Posted on 14th March 2011

Paul Weller once sang of "a new direction. We want a reaction. Inflate creation." All three could be attributed to why two major events in the Perl event calendar started in 1999, and now happen all around the world today. The two events, The German Perl Workshop and YAPC::NA, both were a new direction for Perl events and specifically a reaction to more commercial events. They both also brought a new creativity to the Perl community.

In 2011 we now have YAPCs, Workshops and Hackathons happening on a monthly basis somewhere in the world. They are still very much organised by members of the Perl Community, and bring together a diverse group of people to each event. They often inspire some to create Perl events themselves. However, that initial enthusiasm is often quickly followed by panic, when the organisers start to figure out what they need to do to make a great event. Which is where a book might help.

I am planning to publish such a book, entitled 'Perl Jam - How to organise a conference ... and live to tell the tale'. The book is a guide for organisers planning to host a large technical event, with the aim of helping organisers think of everything, and prepare themselves for anything they might not have thought of, or forgotten. Organising a conference, workshop or hackathon can be a daunting prospect, but with the help of this book, it might make the experience much more enjoyable, and may even inspire you to do it all again!

'Perl Jam' is being made available for its first public draft via a GitHub repository. This is the third draft, and my thanks go specifically to Jon 'JJ' Allen and David Golden, for their extensive help and feedback so far. Also thanks to chromatic for allowing me to use the framework and scripts he used for his great book Modern Perl.

I welcome any and all comments and suggestions, so if you've ever organised a large event, please take the time to read the draft and see if there is anything not covered that you would have suggested. For any current organisers, please download and share the book with your team and feel free to send me any additional notes you make as you go along.

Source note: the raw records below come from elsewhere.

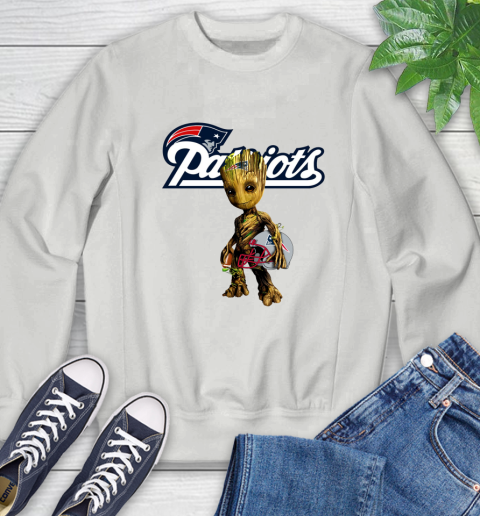 New England Patriots NFL Football Groot Marvel Guardians Of The Galaxy Sweatshirt 5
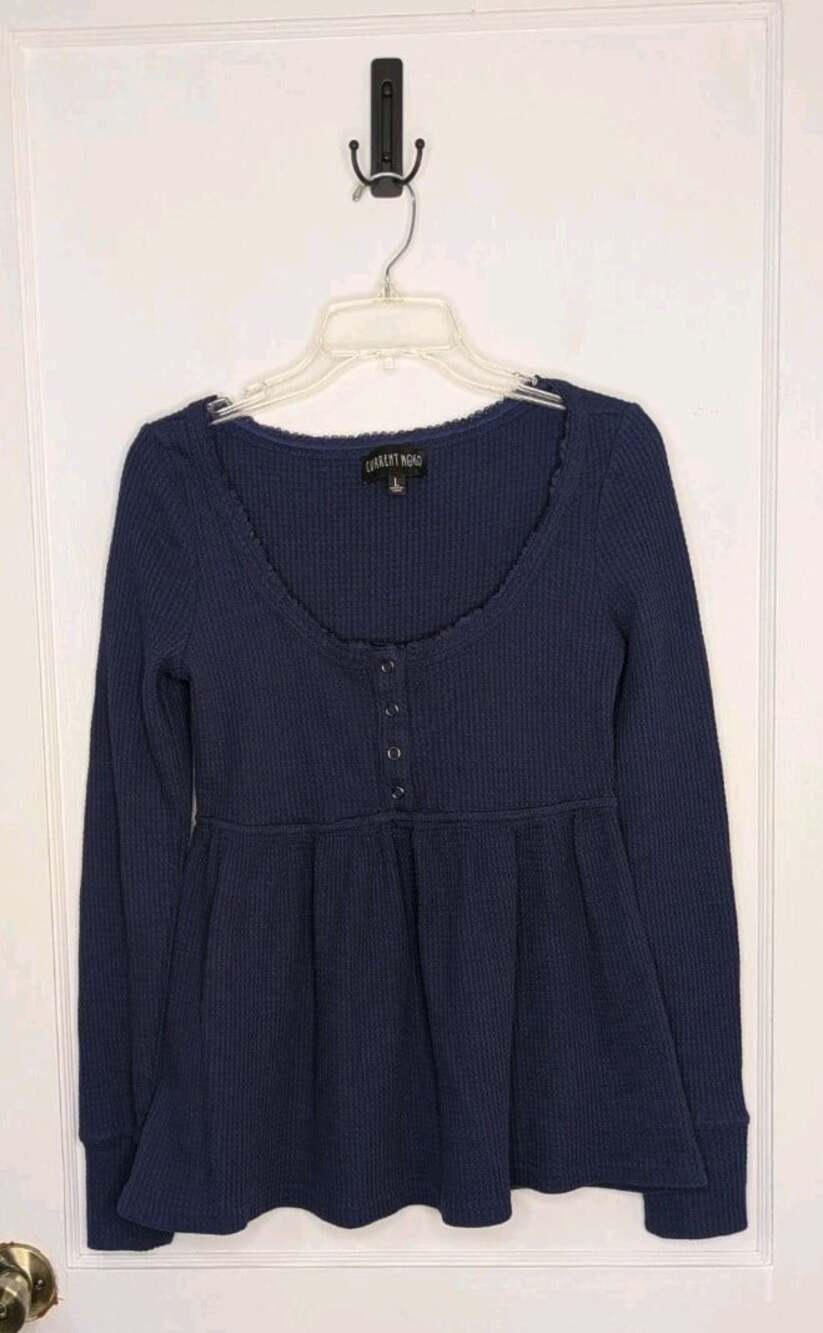 Size Large Current Mood Dedicate Fate Long Sleeve Top Navy Waffle Knit Lace Trim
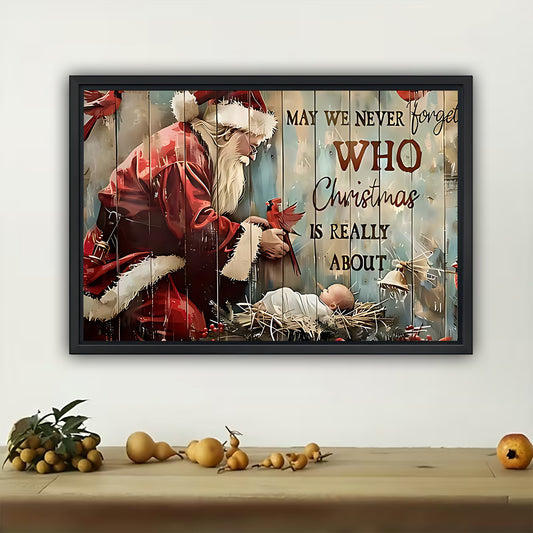The Festive Who Santa Scene – Whimsical Christmas Wall Art on Natural Wood Grain Canvas | W494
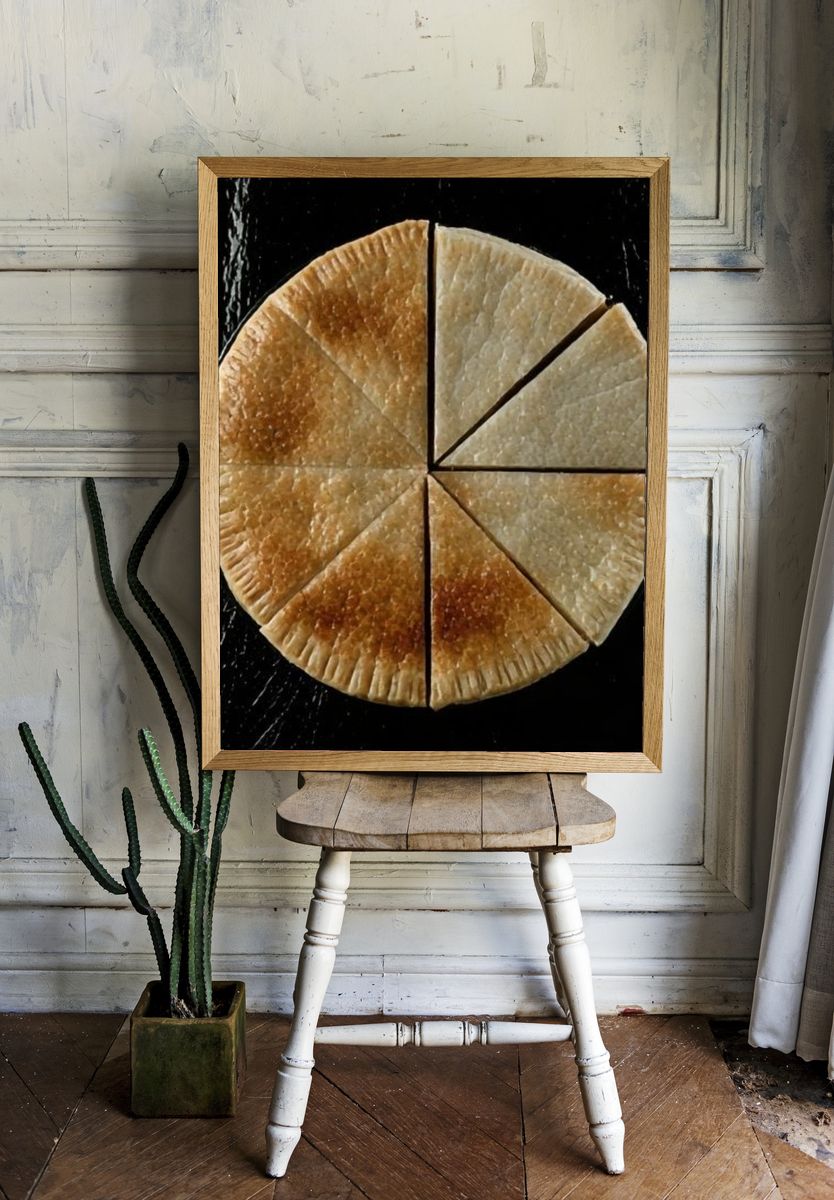 Golden Flatbread Still Life Poster. room preview
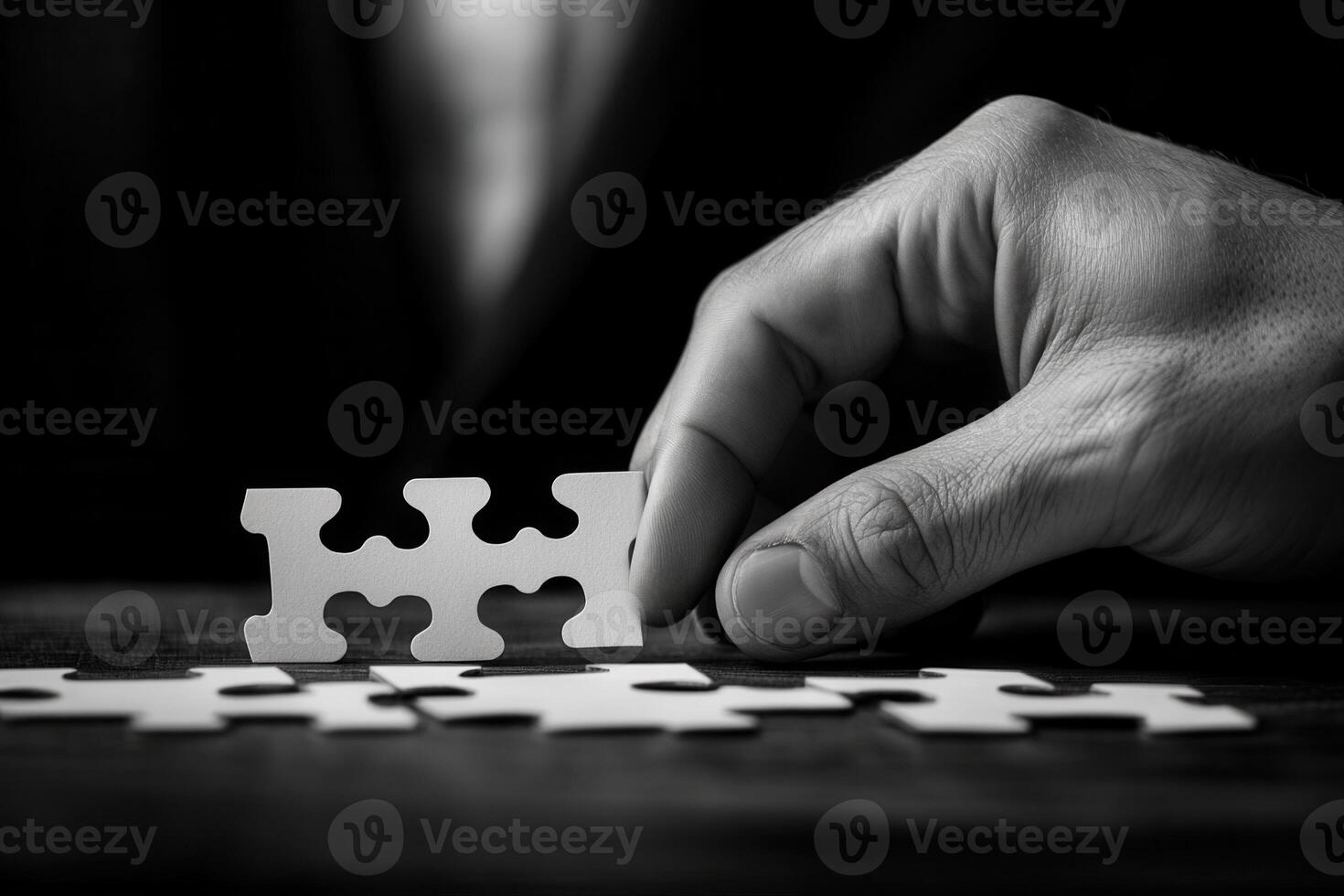 Hand placing a white puzzle piece on a wooden table in a monochrome setting photo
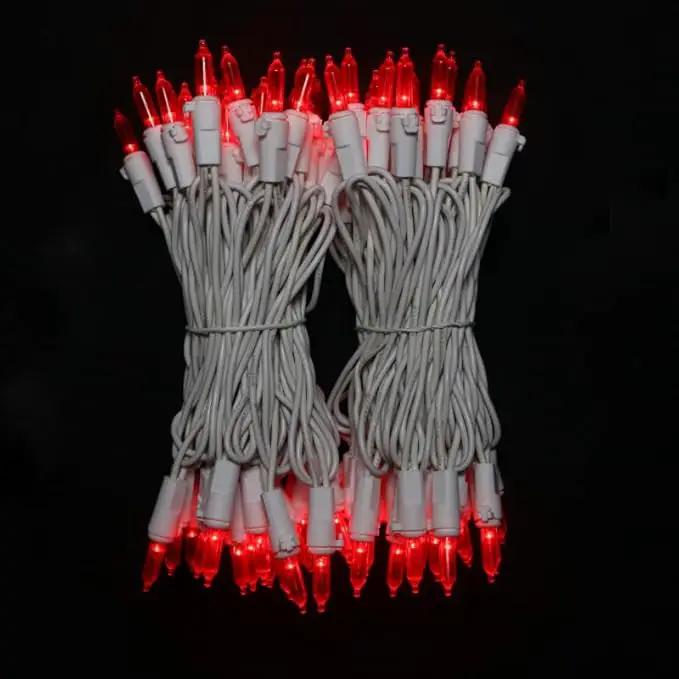 Red Christmas LED Lights - 2 Pack 100 Count Red Christmas String Lights for Tree, Bedroom, Wedding, Indoor/Outdoor Valentines Day Decorations, 2 Sets 33 Feet White Wire, UL Certified, Connectable by GreenHaven Gardens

If you are thinking about organising a technical event in the future, are there any questions you would want to know, that haven't been explained in the book?

Everything is up for discussion, including the cover (which is not the finished version), and I'm very interested to hear from anyone who has suitable photos that can be included in the book, as examples or to emphasise sections.

The draft is released under a Creative Commons Attribution-Noncommercial-No Derivative Works 3.0 License. Please feel free to point people to the git repository, but please do not redistribute with any modifications. Forking with Git is fine, but I request that you send me patches (via perljam@missbarbell.co.uk) or pull requests.

The book also has its own website, Perl Jam, which will be the official source of any releases.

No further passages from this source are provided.